Black Box Thinking is written by Matthew Syed and talks about the importance of having a different approach to failure and re-imagining the concept of failures. The book talks about the healthcare sector in the beginning and the various slip-up's that plague it, in terms of the unreported failures of doctors or nurses, and how those failures, are not really followed up thoroughly as they should be, and used as a learning to get better.

It is followed up by analyzing the aviation sector and how every mistake and every crash has been thoroughly investigated to make improvements in the industry, by using the feedback mechanism of the black box (which is in fact quite orange in color!). Surely, that was not always the case, but over time, the aviation industry has improved by leaps and bounds, so much so, that it has become one of the safest ways to travel. The power of marginal gains.

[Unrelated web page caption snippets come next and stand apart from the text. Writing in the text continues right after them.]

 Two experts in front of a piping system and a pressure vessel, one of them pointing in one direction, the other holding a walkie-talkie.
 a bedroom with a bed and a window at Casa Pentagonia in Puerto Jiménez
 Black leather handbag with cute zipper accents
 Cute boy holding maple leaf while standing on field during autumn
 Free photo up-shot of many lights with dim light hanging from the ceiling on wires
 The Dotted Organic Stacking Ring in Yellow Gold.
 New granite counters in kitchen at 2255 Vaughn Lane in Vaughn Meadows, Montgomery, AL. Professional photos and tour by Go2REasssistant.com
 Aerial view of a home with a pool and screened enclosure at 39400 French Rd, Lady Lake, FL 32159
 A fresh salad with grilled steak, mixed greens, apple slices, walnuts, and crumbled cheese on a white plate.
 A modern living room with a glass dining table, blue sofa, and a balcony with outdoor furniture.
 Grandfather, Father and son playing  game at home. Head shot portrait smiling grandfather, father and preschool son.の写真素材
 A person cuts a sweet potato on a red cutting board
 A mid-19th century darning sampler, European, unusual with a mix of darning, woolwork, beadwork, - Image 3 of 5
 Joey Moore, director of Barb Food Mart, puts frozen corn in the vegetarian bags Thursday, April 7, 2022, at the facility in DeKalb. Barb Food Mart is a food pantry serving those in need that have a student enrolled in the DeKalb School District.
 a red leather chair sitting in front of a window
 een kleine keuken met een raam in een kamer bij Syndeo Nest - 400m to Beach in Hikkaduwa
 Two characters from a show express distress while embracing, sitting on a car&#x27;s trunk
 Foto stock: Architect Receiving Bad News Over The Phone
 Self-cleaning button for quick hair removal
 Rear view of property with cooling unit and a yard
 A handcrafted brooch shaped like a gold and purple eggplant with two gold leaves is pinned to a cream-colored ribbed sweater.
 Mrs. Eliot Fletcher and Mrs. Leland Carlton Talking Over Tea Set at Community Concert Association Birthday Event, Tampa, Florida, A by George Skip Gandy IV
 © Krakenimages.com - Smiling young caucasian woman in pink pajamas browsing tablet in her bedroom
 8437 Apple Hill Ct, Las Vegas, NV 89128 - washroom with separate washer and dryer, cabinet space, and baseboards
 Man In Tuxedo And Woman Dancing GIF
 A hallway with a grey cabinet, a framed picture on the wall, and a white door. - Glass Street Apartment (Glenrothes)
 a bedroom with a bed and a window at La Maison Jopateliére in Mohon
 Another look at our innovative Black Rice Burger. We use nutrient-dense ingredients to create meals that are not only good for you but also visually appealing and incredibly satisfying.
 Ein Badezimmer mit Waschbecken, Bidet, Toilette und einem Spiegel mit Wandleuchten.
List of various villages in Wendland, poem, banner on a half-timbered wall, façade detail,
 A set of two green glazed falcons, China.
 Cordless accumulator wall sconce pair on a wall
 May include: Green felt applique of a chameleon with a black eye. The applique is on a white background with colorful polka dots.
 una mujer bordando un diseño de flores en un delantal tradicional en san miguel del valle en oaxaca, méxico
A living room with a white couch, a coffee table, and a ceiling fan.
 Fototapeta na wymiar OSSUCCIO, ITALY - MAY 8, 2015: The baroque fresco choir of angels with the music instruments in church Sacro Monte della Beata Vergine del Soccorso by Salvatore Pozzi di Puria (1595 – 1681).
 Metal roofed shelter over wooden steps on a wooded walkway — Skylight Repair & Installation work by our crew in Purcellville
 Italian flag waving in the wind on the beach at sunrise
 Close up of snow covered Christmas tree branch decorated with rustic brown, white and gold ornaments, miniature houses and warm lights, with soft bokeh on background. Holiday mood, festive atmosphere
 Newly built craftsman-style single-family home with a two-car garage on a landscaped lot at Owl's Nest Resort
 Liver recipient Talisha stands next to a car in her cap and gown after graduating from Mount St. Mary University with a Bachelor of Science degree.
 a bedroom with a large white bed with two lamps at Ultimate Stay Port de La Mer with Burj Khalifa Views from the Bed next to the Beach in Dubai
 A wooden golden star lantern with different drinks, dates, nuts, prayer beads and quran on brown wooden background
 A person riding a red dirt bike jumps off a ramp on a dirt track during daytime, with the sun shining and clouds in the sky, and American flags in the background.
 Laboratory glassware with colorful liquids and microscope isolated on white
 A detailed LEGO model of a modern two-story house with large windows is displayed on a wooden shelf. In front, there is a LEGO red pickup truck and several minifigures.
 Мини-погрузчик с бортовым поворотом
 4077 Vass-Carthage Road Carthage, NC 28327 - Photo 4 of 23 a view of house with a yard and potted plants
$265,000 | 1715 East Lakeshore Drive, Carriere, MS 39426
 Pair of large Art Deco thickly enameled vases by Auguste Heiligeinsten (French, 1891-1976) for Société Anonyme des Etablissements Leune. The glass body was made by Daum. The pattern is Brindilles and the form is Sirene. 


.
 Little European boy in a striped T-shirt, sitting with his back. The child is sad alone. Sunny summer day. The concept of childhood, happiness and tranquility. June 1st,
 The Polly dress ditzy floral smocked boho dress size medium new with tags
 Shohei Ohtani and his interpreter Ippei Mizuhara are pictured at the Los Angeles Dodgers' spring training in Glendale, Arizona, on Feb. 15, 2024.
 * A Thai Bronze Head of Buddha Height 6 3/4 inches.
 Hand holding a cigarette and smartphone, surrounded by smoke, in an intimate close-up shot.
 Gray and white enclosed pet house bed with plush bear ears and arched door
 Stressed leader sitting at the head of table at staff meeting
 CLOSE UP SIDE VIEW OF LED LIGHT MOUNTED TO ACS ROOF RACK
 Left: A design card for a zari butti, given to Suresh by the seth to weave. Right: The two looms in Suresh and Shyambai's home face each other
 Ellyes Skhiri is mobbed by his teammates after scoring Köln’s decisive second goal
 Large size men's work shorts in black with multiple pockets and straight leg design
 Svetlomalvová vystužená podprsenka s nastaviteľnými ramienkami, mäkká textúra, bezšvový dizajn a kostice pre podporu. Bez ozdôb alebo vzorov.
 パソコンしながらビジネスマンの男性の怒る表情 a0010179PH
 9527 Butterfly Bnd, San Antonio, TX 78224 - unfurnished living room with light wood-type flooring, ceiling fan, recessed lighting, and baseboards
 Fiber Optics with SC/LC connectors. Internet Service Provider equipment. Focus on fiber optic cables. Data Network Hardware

The book also goes on to talk about some areas where a novice or an experienced person, does not add any value by either's involvement in the system, like for example psychotherapists, due to the lack of follow-up and long lead times, making it a poor example of a system that takes in feedback to make improvements and changes to get better and more refined outcomes.

The later chapters delve into the criminal justice system on wrongful convictions, and the scared-straight program, on cognitive dissonance issues, and blame-games. It introduces the method of RCT (Randomized Control Trials) to test a hypothesis, to be certain our conclusions on an approach to a problem is really working or not, and make changes without feeling frustrated due to failures. It talks about the pit-falls due to narrative fallacy's, intellectual contortions, and many other such errors of judgment which impedes learning, and therefore prone to stagnate the system, than improve it.

The book talks about complex systems, with its multitude of variables and their interactions, which makes it difficult to analyze and predict system behavior, and therefore advocates a fail-fast approach, in which, an evolutionary approach to problem-solving is taken up. This is an incremental change, test, develop, approach through experimentation rather than a grand design. The Nozzle Paradox is introduced and so is the Dyson design approach.

It does not concede that designs are not useful, only that the way to make change faster and learn from failures, far outweighs the achievements we can get by grand designs. In that sense, it advocates to accept the failures in a learning method in a bottom-up approach with a failure-averse approach in a top-down approach and marrying the two in a unified measure. What it really then says, is not to underestimate the power of feedback-driven designs. It gives many examples of Dyson and NetFlix and other such companies, and I can think of even Sony when they started off, having this approach.

Surely we would think 'break-through innovation' might not happen in this way, but it does, through failures again and being resilient to see the changes through till the goal is met. Infact, it goes on to say that you need not worry that you might be going up the wrong way, because those who follow the approach will know it sooner than those who don't!

Overall, it introduces and advocates concepts such as marginal gains, fail-fast, RCT's, pre-mortem's, which can be introduced in organizations and many industries, to make improvements and drive innovation. I found it a good read and there are many concepts to explore further!